Marie-Thérèse Bodart, Les Meubles, Bruxelles, Samsa/Académie royale de Langue et de Littérature françaises, 2014, 84 p.

meubles

La réédition de ce roman paru en 1972, le dernier de l’œuvre de Marie-Thérèse Bodart, est à qualifier d’hypnotique. C’est celui d’une famille qui, après avoir explosé, implose. Une famille renfermée sur elle et ses possessions. Car les biens possédés – terrains et maisons, entreprise et hypothèques qui s’y rattachent – relient les protagonistes et les lient. Les membres du clan sont à couteaux tirés entre les mâles arrogants autant que sexistes et les femelles asservies mais cultivant le goût de la révolte et de la provocation, entre les maîtres incompétents et les opportunistes serviteurs. Même si certains ont contact avec le monde extérieur, le huis clos subsiste dont, semble-t-il, on ne s’évade vraiment que par la mort.

Alors que tout finit peu à peu par se déglinguer, ne subsiste qu’un attachement matérialiste obsessionnel. Et cet attachement, au prétexte de conserver les meubles afin de les revendre pour retrouver un peu de l’argent dilapidé en mauvaise gestion et en gaspillage, est évidemment illusoire puisque leur conservation n’est en rien assurée compte tenu des conditions d’entreposage.

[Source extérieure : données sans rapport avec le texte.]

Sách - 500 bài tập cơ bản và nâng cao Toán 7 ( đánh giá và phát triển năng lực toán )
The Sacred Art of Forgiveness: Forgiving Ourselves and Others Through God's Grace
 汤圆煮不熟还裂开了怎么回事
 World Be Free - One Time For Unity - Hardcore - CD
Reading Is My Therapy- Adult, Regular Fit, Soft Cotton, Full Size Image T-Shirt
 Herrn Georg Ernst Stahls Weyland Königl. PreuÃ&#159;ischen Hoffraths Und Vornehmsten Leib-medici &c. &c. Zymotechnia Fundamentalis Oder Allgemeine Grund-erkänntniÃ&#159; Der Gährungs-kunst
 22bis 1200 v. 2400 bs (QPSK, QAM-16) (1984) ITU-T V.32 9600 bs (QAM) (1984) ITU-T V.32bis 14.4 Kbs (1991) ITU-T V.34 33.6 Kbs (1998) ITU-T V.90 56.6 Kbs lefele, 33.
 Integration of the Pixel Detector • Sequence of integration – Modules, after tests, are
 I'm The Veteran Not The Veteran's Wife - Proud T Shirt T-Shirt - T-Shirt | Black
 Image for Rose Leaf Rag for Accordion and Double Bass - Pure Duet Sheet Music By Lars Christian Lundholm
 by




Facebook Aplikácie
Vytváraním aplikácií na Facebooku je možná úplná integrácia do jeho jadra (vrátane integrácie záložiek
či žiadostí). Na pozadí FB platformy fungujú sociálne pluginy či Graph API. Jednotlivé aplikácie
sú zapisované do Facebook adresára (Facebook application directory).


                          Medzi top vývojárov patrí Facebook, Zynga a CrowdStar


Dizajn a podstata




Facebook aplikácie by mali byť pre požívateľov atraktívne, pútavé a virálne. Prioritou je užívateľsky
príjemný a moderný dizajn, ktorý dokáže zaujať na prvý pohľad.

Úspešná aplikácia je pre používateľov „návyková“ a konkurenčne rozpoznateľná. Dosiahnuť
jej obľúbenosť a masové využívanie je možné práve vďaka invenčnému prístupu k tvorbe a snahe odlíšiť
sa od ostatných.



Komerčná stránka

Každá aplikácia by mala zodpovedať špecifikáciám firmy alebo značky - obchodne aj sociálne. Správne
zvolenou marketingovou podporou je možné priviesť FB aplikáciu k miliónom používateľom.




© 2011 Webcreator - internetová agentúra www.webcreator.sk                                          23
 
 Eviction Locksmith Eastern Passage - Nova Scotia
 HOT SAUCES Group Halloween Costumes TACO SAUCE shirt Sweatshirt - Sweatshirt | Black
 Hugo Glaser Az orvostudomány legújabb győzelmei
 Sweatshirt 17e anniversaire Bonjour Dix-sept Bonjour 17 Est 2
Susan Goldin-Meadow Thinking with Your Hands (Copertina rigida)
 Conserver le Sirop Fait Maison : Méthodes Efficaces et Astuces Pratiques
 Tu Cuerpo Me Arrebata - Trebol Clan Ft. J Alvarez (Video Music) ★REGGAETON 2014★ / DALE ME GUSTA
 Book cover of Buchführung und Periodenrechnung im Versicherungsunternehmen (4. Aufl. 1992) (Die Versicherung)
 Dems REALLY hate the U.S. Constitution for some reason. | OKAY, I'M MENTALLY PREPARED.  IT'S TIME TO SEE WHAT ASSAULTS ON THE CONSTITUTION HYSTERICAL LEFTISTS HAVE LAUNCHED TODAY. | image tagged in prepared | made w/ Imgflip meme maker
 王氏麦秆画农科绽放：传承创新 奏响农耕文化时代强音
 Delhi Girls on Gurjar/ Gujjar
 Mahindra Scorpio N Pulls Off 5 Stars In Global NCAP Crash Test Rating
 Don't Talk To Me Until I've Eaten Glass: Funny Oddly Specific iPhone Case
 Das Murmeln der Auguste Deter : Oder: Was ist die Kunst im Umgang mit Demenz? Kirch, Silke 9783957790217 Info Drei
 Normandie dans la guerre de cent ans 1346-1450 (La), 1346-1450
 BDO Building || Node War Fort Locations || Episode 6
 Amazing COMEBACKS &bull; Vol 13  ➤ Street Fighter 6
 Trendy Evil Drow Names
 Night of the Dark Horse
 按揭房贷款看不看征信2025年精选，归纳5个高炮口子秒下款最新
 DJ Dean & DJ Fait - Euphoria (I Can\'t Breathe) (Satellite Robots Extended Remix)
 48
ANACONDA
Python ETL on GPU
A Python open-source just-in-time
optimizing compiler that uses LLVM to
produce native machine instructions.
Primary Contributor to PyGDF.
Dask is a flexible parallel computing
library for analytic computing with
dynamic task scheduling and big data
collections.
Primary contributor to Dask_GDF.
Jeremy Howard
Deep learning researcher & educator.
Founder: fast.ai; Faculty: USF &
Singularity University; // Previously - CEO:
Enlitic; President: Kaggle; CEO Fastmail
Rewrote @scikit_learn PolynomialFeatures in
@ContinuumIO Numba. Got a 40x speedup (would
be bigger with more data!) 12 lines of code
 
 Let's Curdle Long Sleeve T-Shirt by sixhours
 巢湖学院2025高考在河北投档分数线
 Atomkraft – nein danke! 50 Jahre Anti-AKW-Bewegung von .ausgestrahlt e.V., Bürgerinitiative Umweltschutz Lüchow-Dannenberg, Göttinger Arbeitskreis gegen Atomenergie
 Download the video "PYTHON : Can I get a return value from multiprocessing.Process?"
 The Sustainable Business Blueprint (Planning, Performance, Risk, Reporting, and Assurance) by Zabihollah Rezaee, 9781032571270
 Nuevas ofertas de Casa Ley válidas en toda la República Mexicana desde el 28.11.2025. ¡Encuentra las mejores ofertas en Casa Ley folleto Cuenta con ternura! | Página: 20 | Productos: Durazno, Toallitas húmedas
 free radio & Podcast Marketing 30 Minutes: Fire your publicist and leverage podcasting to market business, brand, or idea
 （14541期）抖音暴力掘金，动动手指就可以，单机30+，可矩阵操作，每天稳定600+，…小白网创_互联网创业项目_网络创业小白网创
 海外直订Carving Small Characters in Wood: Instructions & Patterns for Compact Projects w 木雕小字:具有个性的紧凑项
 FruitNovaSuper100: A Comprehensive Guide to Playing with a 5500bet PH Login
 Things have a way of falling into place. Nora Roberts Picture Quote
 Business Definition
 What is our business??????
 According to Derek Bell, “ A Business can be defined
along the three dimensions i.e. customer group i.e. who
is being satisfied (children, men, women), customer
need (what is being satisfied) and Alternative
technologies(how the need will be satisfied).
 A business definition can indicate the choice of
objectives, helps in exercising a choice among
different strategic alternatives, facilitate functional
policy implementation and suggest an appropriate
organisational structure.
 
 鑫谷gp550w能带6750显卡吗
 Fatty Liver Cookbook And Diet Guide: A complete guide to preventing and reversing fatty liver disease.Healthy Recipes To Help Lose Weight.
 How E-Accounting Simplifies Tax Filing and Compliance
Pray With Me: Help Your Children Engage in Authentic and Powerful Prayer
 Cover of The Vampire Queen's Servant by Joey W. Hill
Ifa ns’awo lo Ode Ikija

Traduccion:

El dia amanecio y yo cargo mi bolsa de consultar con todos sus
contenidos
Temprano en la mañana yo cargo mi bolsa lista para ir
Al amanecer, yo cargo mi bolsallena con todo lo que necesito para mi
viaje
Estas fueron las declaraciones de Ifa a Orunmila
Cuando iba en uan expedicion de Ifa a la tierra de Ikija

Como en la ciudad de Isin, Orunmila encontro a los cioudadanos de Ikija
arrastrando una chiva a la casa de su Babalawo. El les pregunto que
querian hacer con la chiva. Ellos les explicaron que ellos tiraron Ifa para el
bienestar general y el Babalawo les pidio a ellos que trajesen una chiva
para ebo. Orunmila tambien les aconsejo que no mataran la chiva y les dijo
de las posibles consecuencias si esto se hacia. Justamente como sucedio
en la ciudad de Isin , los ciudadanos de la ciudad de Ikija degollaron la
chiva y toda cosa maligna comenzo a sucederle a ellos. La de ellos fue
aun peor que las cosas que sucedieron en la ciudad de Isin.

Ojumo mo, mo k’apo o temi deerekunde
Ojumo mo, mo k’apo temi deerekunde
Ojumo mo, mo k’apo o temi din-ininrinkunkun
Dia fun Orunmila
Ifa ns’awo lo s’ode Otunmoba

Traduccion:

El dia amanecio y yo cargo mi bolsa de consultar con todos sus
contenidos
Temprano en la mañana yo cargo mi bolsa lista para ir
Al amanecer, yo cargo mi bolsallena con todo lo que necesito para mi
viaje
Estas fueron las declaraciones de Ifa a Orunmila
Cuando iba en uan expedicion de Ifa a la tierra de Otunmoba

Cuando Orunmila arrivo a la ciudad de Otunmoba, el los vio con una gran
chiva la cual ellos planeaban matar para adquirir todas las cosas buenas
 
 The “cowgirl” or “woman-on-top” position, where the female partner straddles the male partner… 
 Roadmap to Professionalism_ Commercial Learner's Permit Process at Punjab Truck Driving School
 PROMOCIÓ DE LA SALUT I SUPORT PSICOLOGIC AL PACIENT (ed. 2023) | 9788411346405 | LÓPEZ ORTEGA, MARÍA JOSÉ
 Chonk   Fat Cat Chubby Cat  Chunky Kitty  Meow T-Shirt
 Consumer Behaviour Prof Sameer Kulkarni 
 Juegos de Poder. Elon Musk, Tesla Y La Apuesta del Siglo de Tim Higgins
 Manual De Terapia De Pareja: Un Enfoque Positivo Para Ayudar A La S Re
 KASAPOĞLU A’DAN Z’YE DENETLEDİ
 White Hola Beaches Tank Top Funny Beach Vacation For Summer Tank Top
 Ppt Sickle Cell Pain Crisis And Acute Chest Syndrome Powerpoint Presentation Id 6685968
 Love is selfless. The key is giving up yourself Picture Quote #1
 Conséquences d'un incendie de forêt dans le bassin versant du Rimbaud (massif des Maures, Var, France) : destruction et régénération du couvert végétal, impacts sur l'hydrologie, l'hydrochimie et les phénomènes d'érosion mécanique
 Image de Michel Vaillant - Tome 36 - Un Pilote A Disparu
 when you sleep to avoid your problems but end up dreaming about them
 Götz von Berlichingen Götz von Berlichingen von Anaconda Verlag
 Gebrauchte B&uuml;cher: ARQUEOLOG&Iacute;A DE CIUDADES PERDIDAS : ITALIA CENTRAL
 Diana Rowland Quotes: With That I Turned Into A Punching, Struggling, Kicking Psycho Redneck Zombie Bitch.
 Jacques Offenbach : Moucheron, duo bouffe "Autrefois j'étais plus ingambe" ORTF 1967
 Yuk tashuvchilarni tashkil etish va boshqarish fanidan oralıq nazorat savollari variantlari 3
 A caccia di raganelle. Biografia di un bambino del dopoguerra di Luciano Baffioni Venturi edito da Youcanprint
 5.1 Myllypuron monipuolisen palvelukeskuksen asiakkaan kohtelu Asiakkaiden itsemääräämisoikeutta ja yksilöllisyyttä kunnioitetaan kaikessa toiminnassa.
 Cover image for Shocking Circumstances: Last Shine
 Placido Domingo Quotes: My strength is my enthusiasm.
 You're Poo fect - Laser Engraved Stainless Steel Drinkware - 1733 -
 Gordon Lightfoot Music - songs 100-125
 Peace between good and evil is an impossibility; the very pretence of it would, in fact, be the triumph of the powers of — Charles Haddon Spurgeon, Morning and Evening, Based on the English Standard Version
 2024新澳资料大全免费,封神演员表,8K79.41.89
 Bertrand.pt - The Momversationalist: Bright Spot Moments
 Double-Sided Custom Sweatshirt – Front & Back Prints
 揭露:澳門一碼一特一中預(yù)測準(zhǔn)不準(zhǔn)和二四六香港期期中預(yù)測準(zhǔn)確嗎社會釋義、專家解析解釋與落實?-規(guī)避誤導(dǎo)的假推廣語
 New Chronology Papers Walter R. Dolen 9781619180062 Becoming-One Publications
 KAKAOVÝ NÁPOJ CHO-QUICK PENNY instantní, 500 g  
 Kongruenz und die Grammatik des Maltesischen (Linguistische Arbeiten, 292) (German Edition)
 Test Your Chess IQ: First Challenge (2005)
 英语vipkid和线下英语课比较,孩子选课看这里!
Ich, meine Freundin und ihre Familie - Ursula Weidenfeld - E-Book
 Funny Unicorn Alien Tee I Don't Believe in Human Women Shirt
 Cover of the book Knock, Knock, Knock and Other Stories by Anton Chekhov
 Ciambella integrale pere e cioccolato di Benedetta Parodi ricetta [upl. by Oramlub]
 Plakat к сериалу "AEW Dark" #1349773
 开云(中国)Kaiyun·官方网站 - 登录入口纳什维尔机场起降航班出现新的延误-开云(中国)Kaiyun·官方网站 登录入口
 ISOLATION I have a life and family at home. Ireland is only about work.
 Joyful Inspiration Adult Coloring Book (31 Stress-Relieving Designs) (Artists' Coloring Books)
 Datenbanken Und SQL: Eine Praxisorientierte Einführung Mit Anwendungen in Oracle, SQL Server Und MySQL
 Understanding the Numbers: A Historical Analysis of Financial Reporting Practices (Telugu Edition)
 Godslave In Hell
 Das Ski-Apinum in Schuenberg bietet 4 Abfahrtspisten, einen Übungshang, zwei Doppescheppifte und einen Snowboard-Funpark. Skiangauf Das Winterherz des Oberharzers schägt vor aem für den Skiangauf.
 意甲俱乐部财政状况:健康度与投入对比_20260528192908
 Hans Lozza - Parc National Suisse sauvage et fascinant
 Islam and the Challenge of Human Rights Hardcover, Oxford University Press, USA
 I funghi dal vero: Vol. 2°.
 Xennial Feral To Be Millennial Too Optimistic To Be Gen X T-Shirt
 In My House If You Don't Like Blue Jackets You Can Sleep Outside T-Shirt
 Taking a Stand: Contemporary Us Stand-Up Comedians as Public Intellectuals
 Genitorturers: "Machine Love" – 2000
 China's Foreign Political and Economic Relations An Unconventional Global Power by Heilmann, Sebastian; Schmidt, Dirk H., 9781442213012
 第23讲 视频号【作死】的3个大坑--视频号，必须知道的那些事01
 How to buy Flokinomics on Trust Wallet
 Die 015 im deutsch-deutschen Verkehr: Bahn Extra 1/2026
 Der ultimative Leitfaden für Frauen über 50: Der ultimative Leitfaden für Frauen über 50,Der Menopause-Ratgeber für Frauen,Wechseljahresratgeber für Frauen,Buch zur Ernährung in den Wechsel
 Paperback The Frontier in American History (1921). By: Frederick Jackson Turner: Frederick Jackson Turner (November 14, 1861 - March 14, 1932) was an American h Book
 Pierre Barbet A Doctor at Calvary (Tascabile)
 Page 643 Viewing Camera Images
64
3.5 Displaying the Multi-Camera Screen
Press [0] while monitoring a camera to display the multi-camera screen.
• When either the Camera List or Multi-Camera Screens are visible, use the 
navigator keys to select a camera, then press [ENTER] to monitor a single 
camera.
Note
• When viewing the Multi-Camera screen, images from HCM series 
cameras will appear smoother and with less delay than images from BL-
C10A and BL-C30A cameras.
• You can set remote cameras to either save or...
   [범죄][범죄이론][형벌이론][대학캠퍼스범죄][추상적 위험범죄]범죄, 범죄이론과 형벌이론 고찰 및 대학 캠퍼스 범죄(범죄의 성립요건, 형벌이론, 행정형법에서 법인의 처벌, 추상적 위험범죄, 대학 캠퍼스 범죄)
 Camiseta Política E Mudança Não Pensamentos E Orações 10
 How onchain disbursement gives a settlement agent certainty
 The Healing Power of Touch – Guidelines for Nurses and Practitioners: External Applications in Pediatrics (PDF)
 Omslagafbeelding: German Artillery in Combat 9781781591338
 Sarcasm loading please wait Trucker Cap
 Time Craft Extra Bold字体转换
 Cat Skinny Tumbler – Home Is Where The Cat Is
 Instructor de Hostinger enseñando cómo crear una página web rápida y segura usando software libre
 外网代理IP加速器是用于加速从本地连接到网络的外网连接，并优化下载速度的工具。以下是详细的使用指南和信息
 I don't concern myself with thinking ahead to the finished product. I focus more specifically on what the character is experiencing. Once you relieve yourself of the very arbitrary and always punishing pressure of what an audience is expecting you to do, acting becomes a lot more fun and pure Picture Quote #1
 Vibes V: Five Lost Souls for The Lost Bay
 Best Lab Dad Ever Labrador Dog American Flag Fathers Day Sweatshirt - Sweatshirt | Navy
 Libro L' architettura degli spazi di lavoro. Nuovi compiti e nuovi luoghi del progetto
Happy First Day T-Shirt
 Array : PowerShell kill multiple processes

Ce bref roman emporte. Pour des raisons externes, comme le souligne Jean-Luc Wauthier dans la préface. Parce que son atmosphère étrange, étouffante à cause de la présence permanente de corneilles, fait inévitablement penser à la nouvelle de Daphne du Maurier qui inspira Hitchcock pour son film « Les Oiseaux ». Parce que l’envahissement de l’espace par le mobilier ramène inexorablement à l’Ionesco de « Les Chaises ». Pour des raisons internes aussi, parce que lorsque grandit la part accordée aux dialogues et soliloques, le ton utilisé n’est pas sans accointance avec le meilleur de Materlinck dramaturge.

Après le patrimoine matériel, l’esprit est attaqué. Le déséquilibre mental joue les mérules. Insidieusement les personnages avencent vers leur propre perte selon un destin forcément tragique dans cet univers où l’innocence se nomme en réalité aveuglement et impuissance.